(Work instructions): Skip all pictures; return exactly the lines from the one containing "Youvella Mutsu Hook MultiPack 2" through the end of the data.

(Data section):
*****

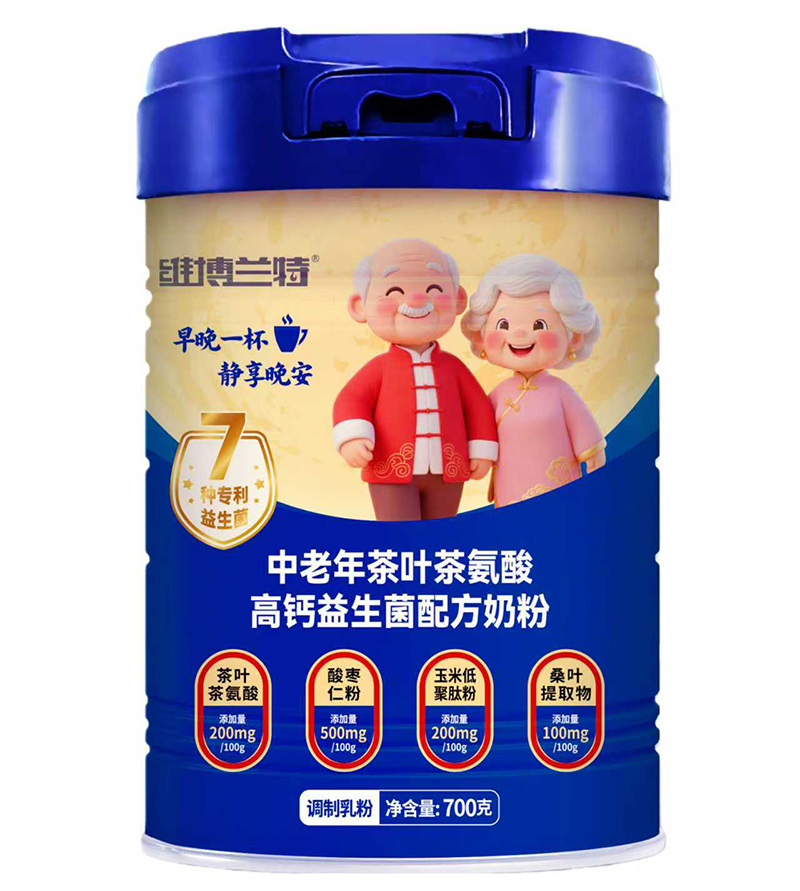 ��Ʒ���У��S���m����������~�谱����}�������䷽�̷������i�L݅����������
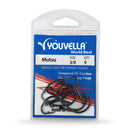Youvella Mutsu Hook MultiPack 2
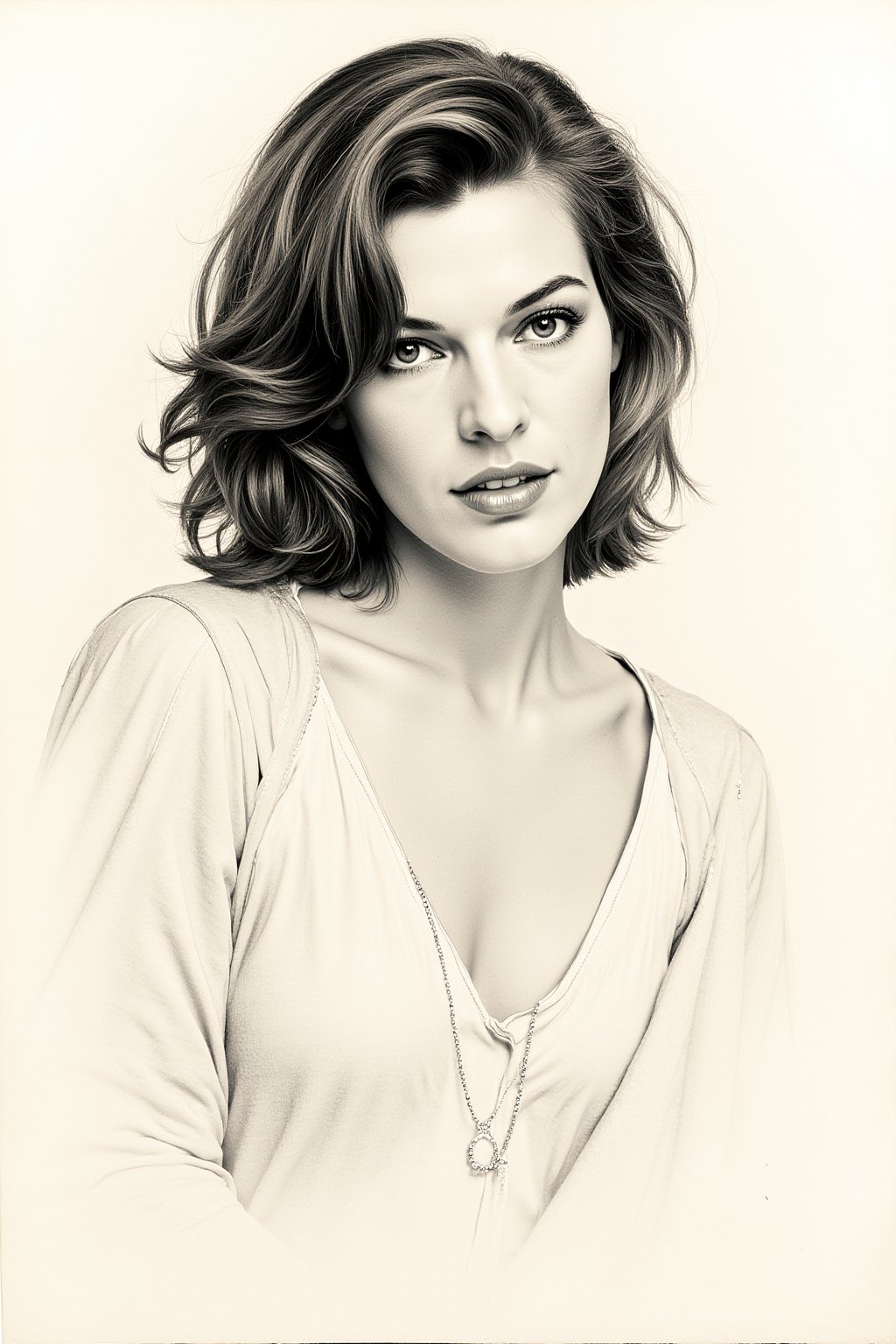 AI generated image by Solo on Tensor.Art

*****

(Answer to this problem):
Youvella Mutsu Hook MultiPack 2
 AI generated image by Solo on Tensor.Art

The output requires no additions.